Brief descriptive captions

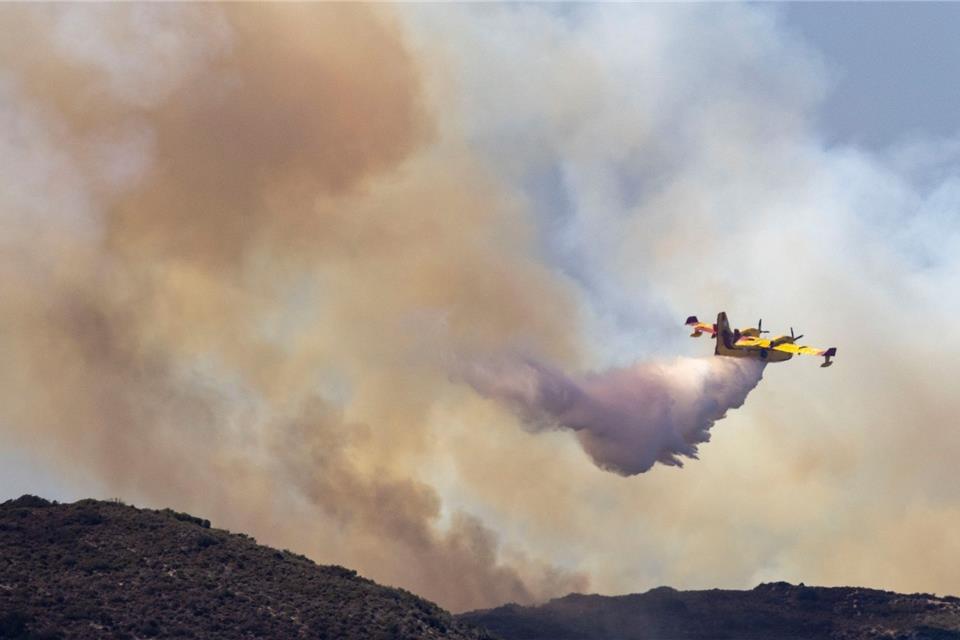 Rhodos kämpft gegen das Feuer - und bangt um Tourismuus Ein Löschflugzeug Nahe der Ortschaft Gennadi.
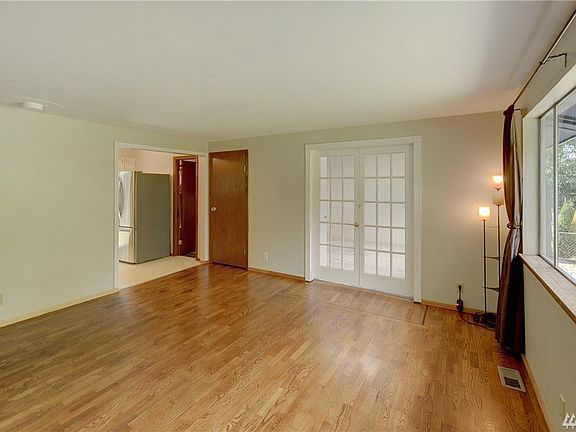 5th image of 5920 178th St SW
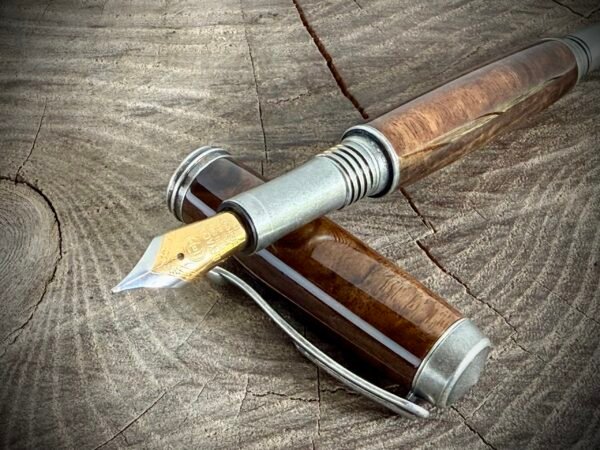English Walnut Fountain Pen
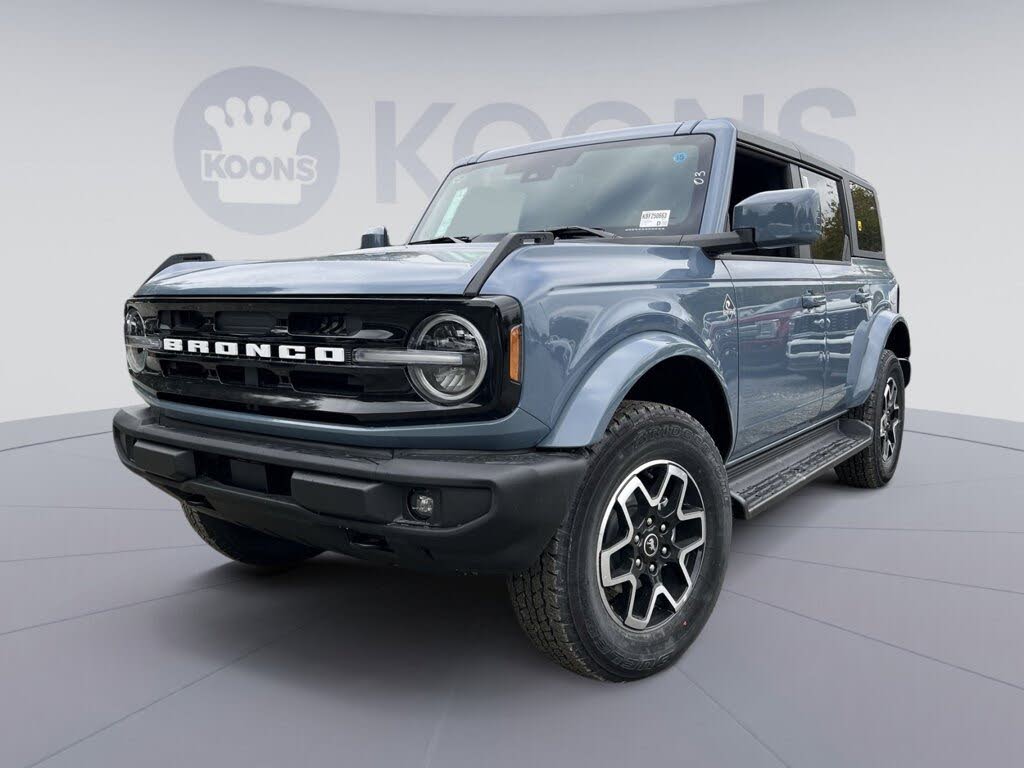 2025 Ford Bronco Outer Banks 4-Door 4WD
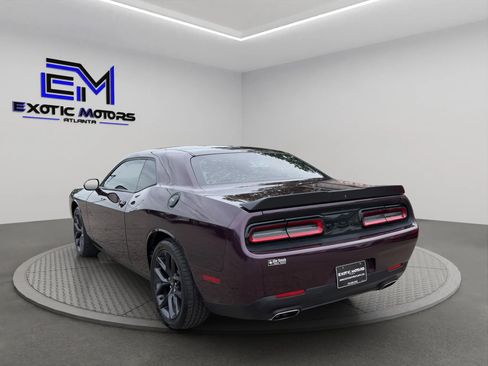 Used 2021 Dodge Challenger SXT w/ Blacktop Package RWD image 3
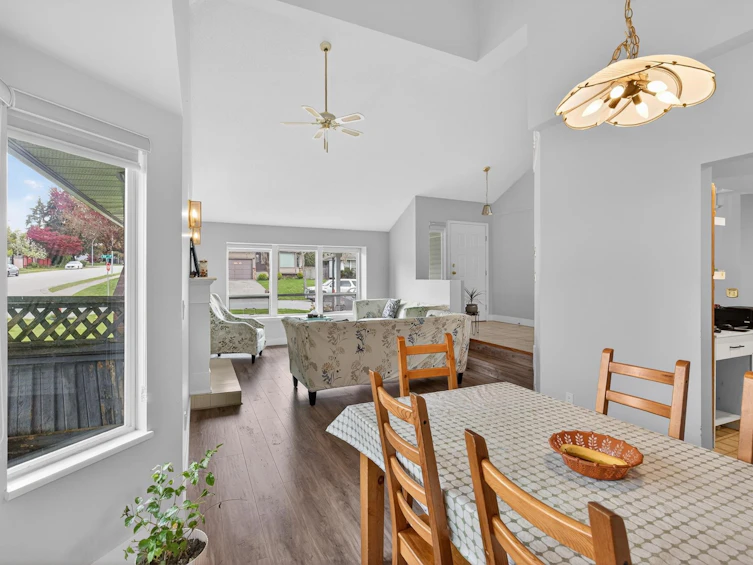 14610 87 Avenue, Surrey, BC, V3S 6R2 - 11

PROBLEM TO WORK ON: Return the data above in its exact wording, with none of the pictures.

TASK RESPONSE:
 Rhodos kämpft gegen das Feuer - und bangt um Tourismuus Ein Löschflugzeug Nahe der Ortschaft Gennadi.
 5th image of 5920 178th St SW
English Walnut Fountain Pen
 2025 Ford Bronco Outer Banks 4-Door 4WD
 Used 2021 Dodge Challenger SXT w/ Blacktop Package RWD image 3
 14610 87 Avenue, Surrey, BC, V3S 6R2 - 11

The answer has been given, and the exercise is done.